My point is:
If we want to seriously speak of security, than we might conceive that at an operating system level, amongst many other things, the issue of getting it from the developer to the user without it being tampered with on the way is quite an important point, less we ridicule ourselves. Currently this is how far I get on a practical level on this particular link of the security chain:
1. Probably the safest thing to do is buy a mac or windows cd in the shop, although there is (for me) no way of knowing how safe that really is.
2. Some linux distro's I see now do have certified https, like fedora which puts gpg fingerprints (SHA1) of their public keys on their certified website.

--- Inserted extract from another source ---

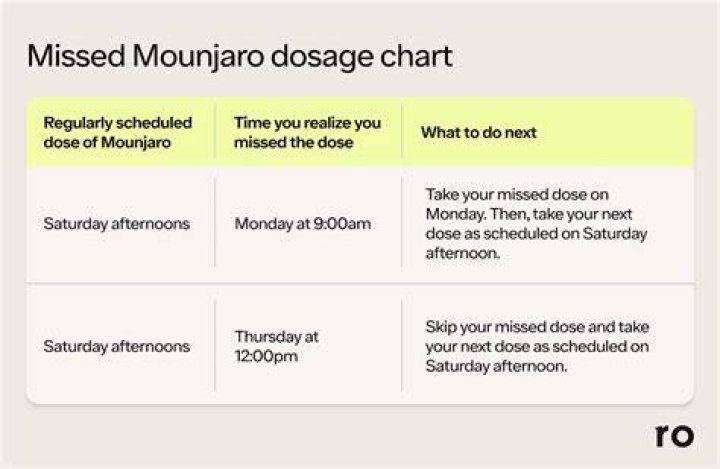 Should I Take Mounjaro at Night? - A Comprehensive Guide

3. Other distros have md5 hashes over certified https, like ubuntu. (virtually a shared fourth place with debian)
4. debian, which for a general user which has not been able to in a safe way obtain a chain of trust to the Debian CD signing key (read: next to everyone), it boils down to, well, plain http!
Whenever I need to install a secure system, or advise someone on how to do that, I will have to pick something from that list or avoid using a computer altogether. MD5 is truly ridiculous, so I won't go into it (google search will). Https has like I said serious drawbacks that are unfortunately not known by the people using it, and unfortunately are not turned up easily by a web search. I would avoid having to go into details about it unless there is a true genuine need for a security review of https (amongst other reasons because I don't consider myself an expert).

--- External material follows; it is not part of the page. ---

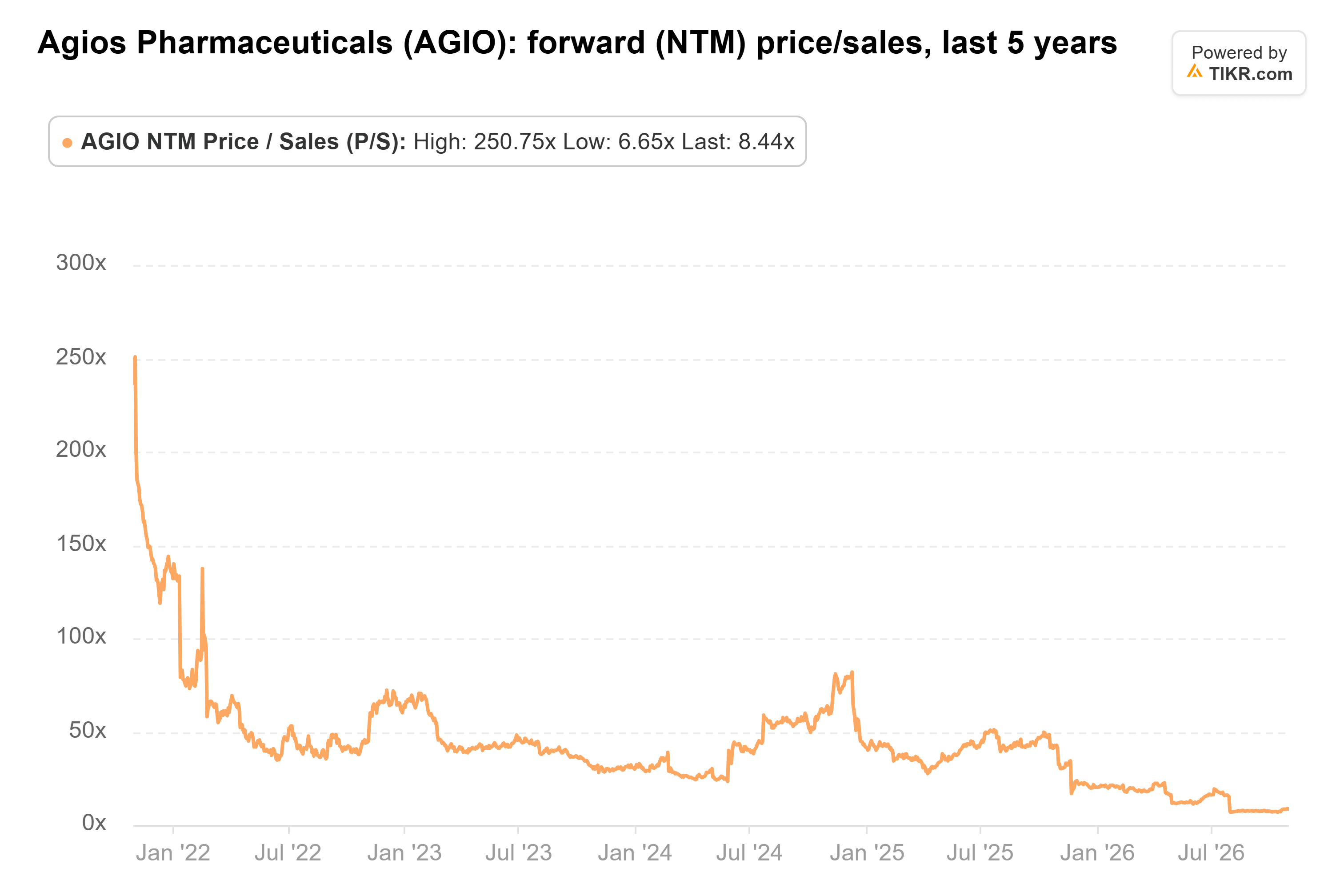 Line chart from TIKR of Agios Pharmaceuticals' forward (NTM) price/sales, last 5 years.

So basically, security comes in levels. Truly secure we have nothing at the moment. Somewhat secure is https and web of trust. Not at all secure is md5 or plain http, when we are talking about releasiing something to the public.
You don't trust pgp webs of trust, nor https, nor md5 checksums of debian sources.
So, my point is I feel I want to avoid the "not at all secure" category if I can, and was wondering why that kept me from using debian. I thought I had just missed something.
If I didn't, given the number of people choosing debian for "secure" systems, that is troublesome, and more so because if the lax attitude vs verifying the installation media is representative for the whole debian development, than I just want to steer away from it and start telling people to stop using it.